2.3.1 Bei der Mitwirkungspflicht handelt es sich um eine beschränkte Pflicht der Betei­ligten, an der Sachverhaltsermittlung mitzuwirken. Sie korreliert mit dem Mitwirkungs­recht bei der Beweisbeschaffung. Im Allgemeinen endet die behördliche Untersuchungs­pflicht und beginnt die Mitwirkungspflicht der Verfahrens­beteiligten dort, wo keine besonderen Umstände und Anhaltspunkte in den Akten es den Verwaltungsbehörden nahelegen, den Sachverhalt weiter zu erforschen. Die Beteiligten sind über die ihnen obliegenden Mitwirkungspflichten aufzuklären. Lassen sie an der Mit­wir­kung fehlen, so darf gleichwohl nur mit Zurückhaltung von der Fiktion ausgegangen werden, der zu belegende Sachverhalt habe sich nicht verwirklicht (Kölz/Bosshart/Röhl, § 7 N. 60+62+63+68).

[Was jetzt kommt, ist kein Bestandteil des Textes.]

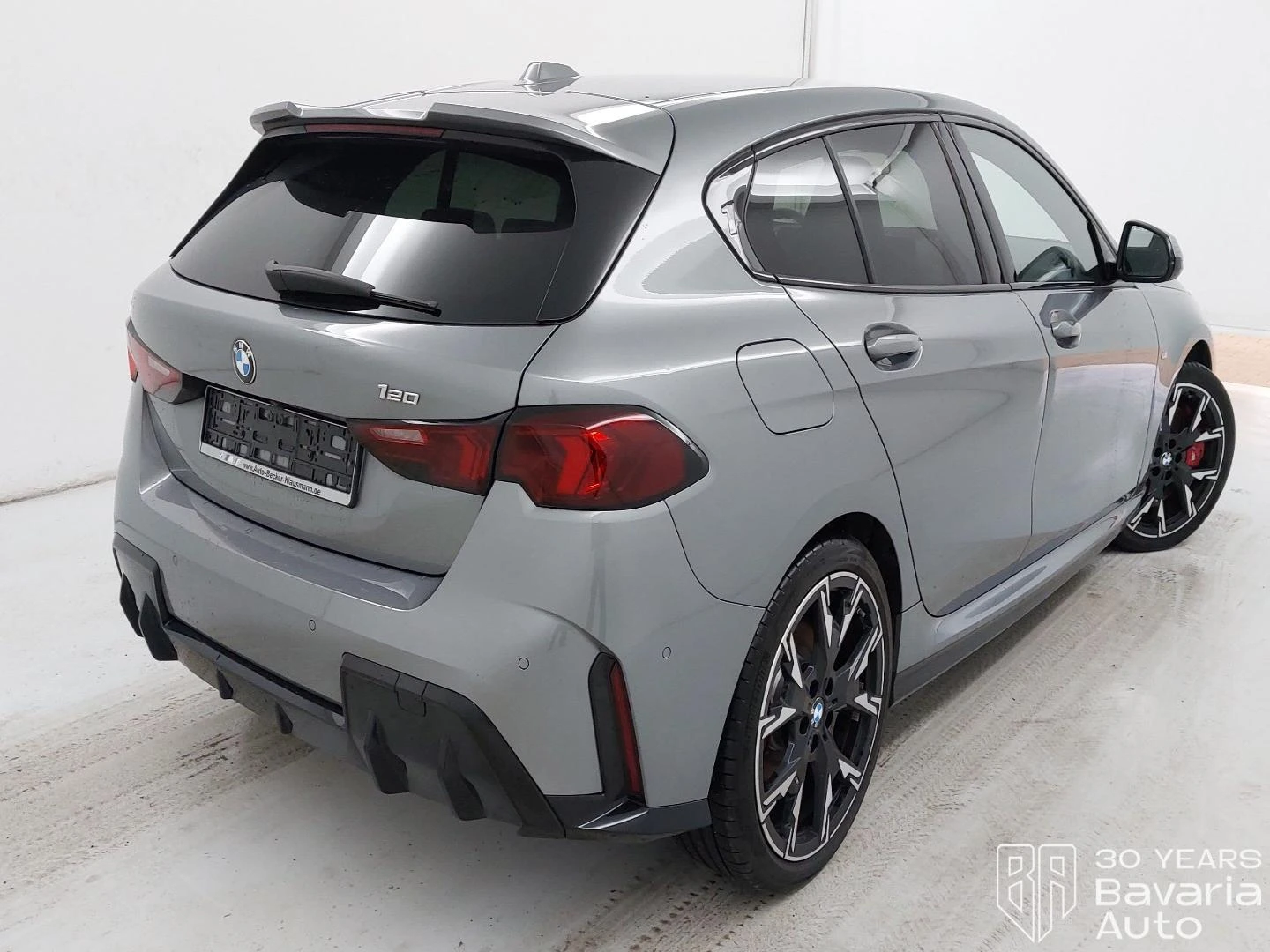 BMW 120 i M Sport Paket, снимка 3 - Автомобили и джипове - 53965795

2.3.2 Im vorliegenden Fall boten die Beschwerdeführenden die Aussage der Tochter sowie Bestätigungen weiterer Verwandter als Beweismittel an. Das Verwaltungsgericht weist diese Ansinnen ab. Es geht aber nicht an, einerseits die Abnahme angebotener Beweis­mittel abzulehnen und anderseits eine angeblich ungenügende Erfüllung der Mitwir­kungs­pflicht zu Ungunsten der Beschwerdeführenden zu gewichten (vgl. auch BGE 118 Ib 153 E. 1c S. 158). Auch das akribische, teilweise lebensfremde Sammeln und Auflisten von Widersprüchen und Auslassungen in den Äusserungen der Beschwerde­führen­den und in den eingereichten Dokumenten vermag eine seriöse Sach­verhalts­abklärung – zu welcher die Beschwerdeführenden natürlich heran­zuziehen wären – nicht zu ersetzen.

3. Fazit

Im vorliegenden Fall hätte demnach das Verwaltungsgericht zumindest klären müssen (bzw. die Vorinstanz oder die Beschwerdegegnerin anhalten müssen abzuklären), ob die Beschwerdeführerin 2 von der Mutter (genügend) betreut wird. Wenn dies zu ver­neinen wäre, müsste eine umfassende Interessenabwägung zur Bewilligung des Familien­nachzugs führen. Es wäre sogar ebenfalls vertretbar gewesen, aufgrund der Akten eine vor­rangige Beziehung zur Mutter zu verneinen (weil die Beschwerdeführerin 2 jedenfalls 1997-2001 bei den Grosseltern lebte und sich seither zumindest sporadisch bei diesen aufhalten dürfte) und die Be­schwerde gutzuheissen.